Corpus manager (indra_world.service.corpus_manager)

This module allows running one-off assembly on a set of DART records (i.e., reader outputs) into a ‘seed corpus’ that can be dumped on S3 for loading into CauseMos.

class indra_world.service.corpus_manager.CorpusManager(db_url, dart_records, corpus_id, metadata, dart_client=None, tenant=None, ontology=None)[source]

Corpus manager class allowing running assembly on a set of DART records.

assemble()[source]

Run assembly on the prepared statements.

This function loads all the prepared statements associated with the corpus and then runs assembly on them.

dump_local(base_folder, causemos_compatible=True)[source]

Dump assembled corpus into local files.

dump_s3()[source]

Dump assembled corpus onto S3.

prepare(records_exist=False)[source]

Run the preprocessing pipeline on statements.

This function adds the new corpus to the DB, adds records to the new corpus, then processes the reader outputs for those records into statements, preprocesses the statements, and then stores these prepared statements in the DB.

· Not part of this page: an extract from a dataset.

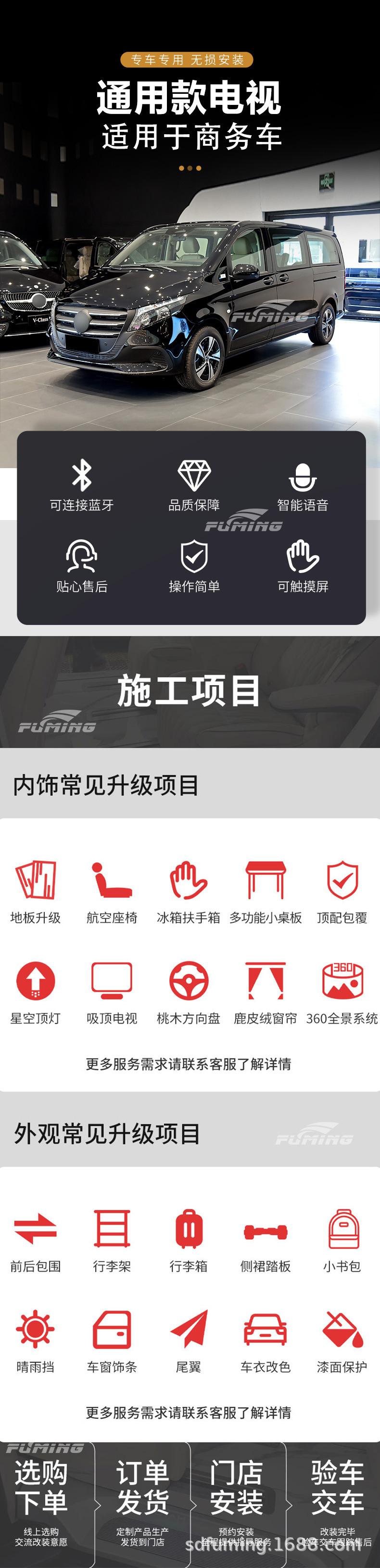 Suitable for Business Cars Universal Ultra-Thin 15.6/ 17inch Car Tv Ceiling Display High-Definition Ceiling Screen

indra_world.service.corpus_manager.download_corpus(corpus_id, fname)[source]

Download a given corpus of assembled statements from S3.

Parameters:
  • corpus_id (str) – The ID of the corpus.

  • fname (str) – The file in which the downloaded corpus should be written.

Return type:

None

indra_world.service.corpus_manager.get_corpus_index()[source]

Return the corpus index as a list of tuples with corpus IDs and dates.